Pardon me, but I'd like to get a little serious here ...
Yes, I would like to get a little serious this afternoon. See, I was cruising through the 'Sphere last night looking for litte nuggets of news and interest. What I discovered is what I had discovered earlier last night, which was most of the news was already talked about, dealt with, and shelved for the day already. Once I put the obligatory notice up about the new issue of Common Conservative being up(yes, our new column is up there), I was about to retire to one of our favorite chatrooms for some typical fun of befuddling simple-minded moonbats that dare to invade our room.

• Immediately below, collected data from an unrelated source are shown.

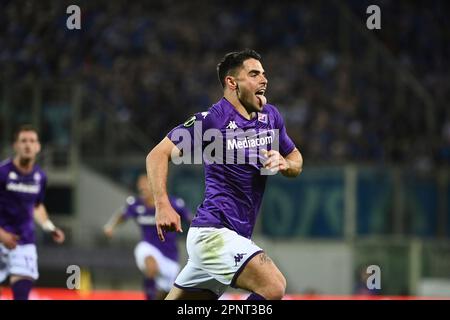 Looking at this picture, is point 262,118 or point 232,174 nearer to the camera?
point 232,174

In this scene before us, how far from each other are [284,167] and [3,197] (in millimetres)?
4509

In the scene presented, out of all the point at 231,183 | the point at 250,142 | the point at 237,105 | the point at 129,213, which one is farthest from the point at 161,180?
the point at 129,213

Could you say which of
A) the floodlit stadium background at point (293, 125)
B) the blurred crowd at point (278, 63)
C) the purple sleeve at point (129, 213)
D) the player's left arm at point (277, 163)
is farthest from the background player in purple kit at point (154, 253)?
→ the player's left arm at point (277, 163)

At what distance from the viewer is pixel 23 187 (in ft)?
34.1

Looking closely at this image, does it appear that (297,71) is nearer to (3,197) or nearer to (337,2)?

It's a conservative room, but around six o'clock our time every night, the trolls begin to meander in. So, last night was target rich, and I'm sure more than one when crying to their mommies that we were, once again, unfairly using facts and logic to ruin their view of reality. Cest la vie.
But before I did that, I spotted a post by Hugh Hewitt regarding the immigration bill. He writes, in part, the following:
At this point I take out my Harriet Miers Fan Club charter membership card and put it on the table: This push for this bill is a disaster, Mr. President. Much much worse than the Miers nomination on which you had many good arguments, or the ports deal, on which you had fewer. On this issue there is no place to stand, and you are asking your friends in the Senate to go down fighting for a bad bill. It is a bad bill because no one believes the government can conduct millions of background checks (many spokesmen for the bill don't even pretend to know where the paperwork will go!). No one believes the bill will halt the next 12 million. No one believes you are going to assure the fence gets built. No one believes that the employer verification system will get done or work when some half-assed version of it does get done. No one believes that the probationary visas don't automatically convert illegal aliens with few if any rights into Due Process Clause covered legal migrants, with a Ninth Circuit ready and waiting to keep them here for decades.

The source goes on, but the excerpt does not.